A CD or Certificate of Deposit is one of the safest and liquid forms of investment available. Insured by the FDIC (Federal Deposit Insurance Corporation), CDs are a type of interest earning deposit account. Unlike savings accounts, a CD requires a fixed sum of money for a fixed period of time ranging from six months to several years.


CDs are attractive to investors because they typically pay a higher rate of interest than a traditional savings account and have FDIC insurance up to $100,000. Don’t expect to get rich from investing in CDs but they are a valuable addition to any portfolio to assist in providing liquidity. Use these quick tips to get started in purchasing and investing in CD’s:


  1. Use a ladder approach to purchasing certificates of deposit. By using a ladder approach you spread out the interest rates and redemption times. Should you need to cash in a CD you will have more options available and lose the least amount of potential interest.

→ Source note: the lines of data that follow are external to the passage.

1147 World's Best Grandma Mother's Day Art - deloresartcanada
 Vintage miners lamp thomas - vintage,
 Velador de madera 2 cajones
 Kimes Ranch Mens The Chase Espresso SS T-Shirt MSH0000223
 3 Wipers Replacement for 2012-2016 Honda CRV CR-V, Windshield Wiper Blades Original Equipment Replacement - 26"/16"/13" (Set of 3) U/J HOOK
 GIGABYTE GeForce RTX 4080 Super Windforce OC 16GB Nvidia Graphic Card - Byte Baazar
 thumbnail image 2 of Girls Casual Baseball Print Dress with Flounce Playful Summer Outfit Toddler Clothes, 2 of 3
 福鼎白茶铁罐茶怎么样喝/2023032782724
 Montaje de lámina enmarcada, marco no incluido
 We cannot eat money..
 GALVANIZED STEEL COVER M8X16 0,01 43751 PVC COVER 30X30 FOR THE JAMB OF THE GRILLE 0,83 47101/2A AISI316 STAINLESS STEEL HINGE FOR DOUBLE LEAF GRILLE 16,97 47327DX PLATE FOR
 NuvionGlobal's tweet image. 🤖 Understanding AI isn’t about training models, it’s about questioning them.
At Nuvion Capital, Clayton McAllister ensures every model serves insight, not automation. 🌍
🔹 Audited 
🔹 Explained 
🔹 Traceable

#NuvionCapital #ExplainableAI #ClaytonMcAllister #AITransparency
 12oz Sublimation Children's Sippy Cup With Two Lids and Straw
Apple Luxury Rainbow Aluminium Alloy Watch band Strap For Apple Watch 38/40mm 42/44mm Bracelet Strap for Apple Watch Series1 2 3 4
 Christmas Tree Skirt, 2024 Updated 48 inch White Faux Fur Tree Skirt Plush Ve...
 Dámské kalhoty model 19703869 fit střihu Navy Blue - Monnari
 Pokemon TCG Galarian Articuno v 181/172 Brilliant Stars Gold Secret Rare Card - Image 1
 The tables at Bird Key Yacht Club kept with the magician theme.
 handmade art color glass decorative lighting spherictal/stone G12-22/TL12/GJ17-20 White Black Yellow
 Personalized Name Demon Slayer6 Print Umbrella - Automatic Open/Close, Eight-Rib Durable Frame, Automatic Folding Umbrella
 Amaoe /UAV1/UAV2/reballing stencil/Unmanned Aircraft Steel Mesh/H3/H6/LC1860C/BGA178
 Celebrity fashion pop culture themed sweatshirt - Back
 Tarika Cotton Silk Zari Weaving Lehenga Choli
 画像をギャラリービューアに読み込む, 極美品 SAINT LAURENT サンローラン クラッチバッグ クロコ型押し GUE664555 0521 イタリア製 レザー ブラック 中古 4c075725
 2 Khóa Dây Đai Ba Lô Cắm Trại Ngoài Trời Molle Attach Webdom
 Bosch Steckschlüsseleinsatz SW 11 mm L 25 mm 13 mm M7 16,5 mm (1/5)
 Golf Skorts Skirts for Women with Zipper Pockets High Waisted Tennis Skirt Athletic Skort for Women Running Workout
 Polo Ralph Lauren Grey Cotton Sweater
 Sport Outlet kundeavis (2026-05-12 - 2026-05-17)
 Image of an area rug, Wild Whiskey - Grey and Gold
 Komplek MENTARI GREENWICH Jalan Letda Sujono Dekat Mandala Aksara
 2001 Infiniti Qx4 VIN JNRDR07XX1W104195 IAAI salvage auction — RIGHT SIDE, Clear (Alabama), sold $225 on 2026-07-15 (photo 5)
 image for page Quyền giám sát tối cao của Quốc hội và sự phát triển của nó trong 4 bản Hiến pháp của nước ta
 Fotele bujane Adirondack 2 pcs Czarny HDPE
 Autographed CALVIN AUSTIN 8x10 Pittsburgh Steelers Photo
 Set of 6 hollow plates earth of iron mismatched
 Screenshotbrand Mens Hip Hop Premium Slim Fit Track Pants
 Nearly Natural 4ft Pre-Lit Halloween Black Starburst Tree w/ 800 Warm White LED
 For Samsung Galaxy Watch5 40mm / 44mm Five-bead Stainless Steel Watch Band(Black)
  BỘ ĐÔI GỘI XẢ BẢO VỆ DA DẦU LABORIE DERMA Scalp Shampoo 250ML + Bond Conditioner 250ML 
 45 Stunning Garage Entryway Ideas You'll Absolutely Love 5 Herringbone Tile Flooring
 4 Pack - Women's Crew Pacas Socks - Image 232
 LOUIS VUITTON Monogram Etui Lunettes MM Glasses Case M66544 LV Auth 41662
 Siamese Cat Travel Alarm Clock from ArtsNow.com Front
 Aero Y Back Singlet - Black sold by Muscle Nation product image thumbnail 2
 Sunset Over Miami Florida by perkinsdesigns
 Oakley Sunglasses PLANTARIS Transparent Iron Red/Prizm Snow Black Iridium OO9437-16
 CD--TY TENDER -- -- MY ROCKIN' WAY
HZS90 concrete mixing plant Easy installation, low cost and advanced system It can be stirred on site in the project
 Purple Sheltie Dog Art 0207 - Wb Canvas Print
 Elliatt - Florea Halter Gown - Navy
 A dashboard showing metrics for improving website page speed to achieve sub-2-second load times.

  2. If investing more than $100,000 spread it between two or more banks or brokers. Remember, FDIC insurance only covers up to $100,000 per entity.
  3. Confirm the maturity date – see it in writing before signing or finalizing the purchase. CDs can mature in as little as six months or as long as twenty years.
  4. Confirm the interest rate and yield. Is the interest rate fixed or variable?
  5. Understand penalties and early withdrawals. Pre-payment penalties, early withdrawal fees and other related items can dramatically impact yield.